Franck, qui a fui la ferme familiale, ressent le besoin d’y retourner, 10 ans après l’avoir quittée. « Alexandre ne comprenait pas que son aîné ait l’envie de quitter tout ça. Au fil des mois s’accentuait chez lui le sentiment de trahison ».

“Elle sait aussi que sa vie on ne la refait pas, c’est juste l’ancienne sur laquelle on insiste”

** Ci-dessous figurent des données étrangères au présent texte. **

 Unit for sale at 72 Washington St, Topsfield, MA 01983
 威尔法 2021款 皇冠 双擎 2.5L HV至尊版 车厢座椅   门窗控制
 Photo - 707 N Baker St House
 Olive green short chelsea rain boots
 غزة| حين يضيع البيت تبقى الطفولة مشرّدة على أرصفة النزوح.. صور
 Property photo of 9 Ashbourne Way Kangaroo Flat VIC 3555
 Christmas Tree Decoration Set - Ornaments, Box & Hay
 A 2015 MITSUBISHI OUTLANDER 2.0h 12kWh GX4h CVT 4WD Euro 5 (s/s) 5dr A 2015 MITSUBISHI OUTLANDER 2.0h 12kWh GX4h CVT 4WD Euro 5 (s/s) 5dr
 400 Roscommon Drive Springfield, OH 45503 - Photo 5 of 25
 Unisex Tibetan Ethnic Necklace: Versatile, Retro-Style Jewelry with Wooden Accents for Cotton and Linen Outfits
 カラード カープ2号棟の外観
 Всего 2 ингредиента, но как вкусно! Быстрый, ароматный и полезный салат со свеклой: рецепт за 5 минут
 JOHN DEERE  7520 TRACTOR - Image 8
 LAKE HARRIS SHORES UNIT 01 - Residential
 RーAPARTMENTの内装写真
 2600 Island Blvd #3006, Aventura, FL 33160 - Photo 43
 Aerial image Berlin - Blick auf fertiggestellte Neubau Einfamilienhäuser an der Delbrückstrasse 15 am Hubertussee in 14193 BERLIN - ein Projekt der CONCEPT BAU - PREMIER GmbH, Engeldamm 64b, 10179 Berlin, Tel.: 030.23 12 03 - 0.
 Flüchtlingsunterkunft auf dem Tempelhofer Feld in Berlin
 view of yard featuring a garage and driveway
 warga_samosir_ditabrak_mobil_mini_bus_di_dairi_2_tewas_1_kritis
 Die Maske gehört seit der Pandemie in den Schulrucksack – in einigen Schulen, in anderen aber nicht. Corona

Après le cimetière, à l’enterrement d’Alexandre, chacun est reparti dans sa vie : Franck en ville, avec sa caméra pour mener une carrière artistique avec Helena, sa fiancée, couple qui se dénoue après 12 ans de vie commune et rien au bout, pas même un enfant ; Louise en survie, dévorée par la disparition d’Alexandre, qui porte un visage de chagrin, un poids énorme, elle ne tient qu’à un fil. « Rien n’effacera Alexandre, elle le sait, elle sait aussi que sa vie on en la refait pas, c’est juste l’ancienne sur laquelle on insiste ».

Alexandre « le petit » grandit donc à la ferme élevé par les parents de Franck qui ignore son existence. A son arrivée à la ferme, Franck tombe sur ce gamin « solaire » et sur Louise, sa mère. La rencontre entre ces trois êtres arrive comme un arc-en-ciel après la pluie, il y a comme un goût de renouveau, de soleil après les larmes, le tout emporté par l’énergie débordante de ce petit astre de 5 ans qui illumine tout et aide les adultes à renouer.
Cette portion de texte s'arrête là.